<<<<

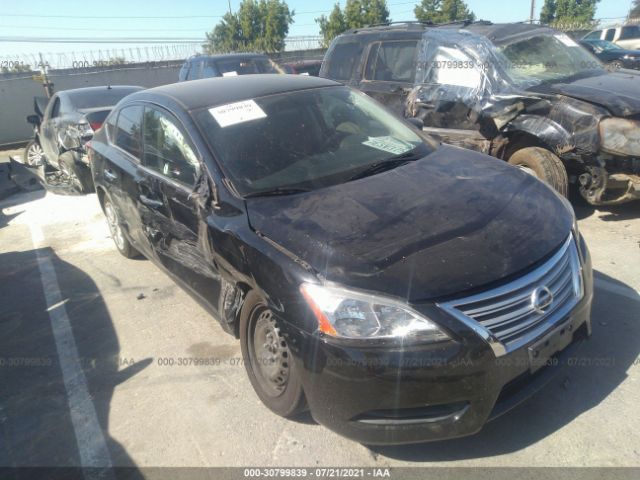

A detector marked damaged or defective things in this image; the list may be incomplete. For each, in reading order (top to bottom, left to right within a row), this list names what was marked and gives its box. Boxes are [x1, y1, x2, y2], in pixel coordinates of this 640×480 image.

damaged hood of background car [544, 70, 640, 117]
damaged black nissan sentra [90, 76, 596, 446]
damaged hood of background car [248, 144, 572, 302]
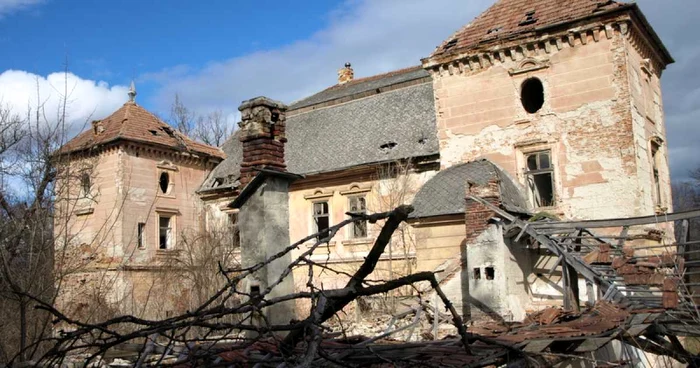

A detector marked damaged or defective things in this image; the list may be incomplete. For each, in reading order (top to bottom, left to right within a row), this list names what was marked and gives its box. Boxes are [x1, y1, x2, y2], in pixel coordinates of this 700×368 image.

broken roofing material [197, 67, 438, 193]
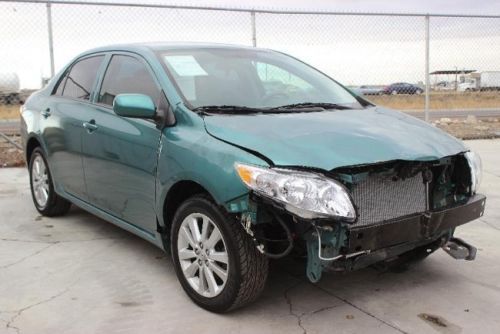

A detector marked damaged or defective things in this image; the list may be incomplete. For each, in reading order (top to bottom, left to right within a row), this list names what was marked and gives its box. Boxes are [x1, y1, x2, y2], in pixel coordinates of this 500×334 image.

>>>>

Work required –
Using the material above, set down every line exactly, but skip the pictures.

The completed task –
A detector marked damaged or defective things in this image; the list may be incomplete. For each, in reading order (top to bottom, left to right within a row), this list names what was marked and gives its box. Boxes are [x1, y1, x2, y2], in pixel coordinates of this 640×480 image.

damaged hood of background car [544, 70, 640, 117]
damaged black nissan sentra [90, 76, 596, 446]
damaged hood of background car [248, 144, 572, 302]

A detector marked damaged or defective things in this image; the list may be incomplete. For each, in reading order (top to bottom, left to right within a row), this list names what was marked and gives its box. Boxes are [x1, y1, x2, y2], in pixel coordinates of this 700×368 image.

broken roofing material [197, 67, 438, 193]

A detector marked damaged or defective things in this image; the list may be incomplete. For each, in reading order (top to bottom, left to right within a row), this list names what was marked and gives its box. Boxes are [x1, y1, x2, y2], in pixel coordinates of this 500×334 image.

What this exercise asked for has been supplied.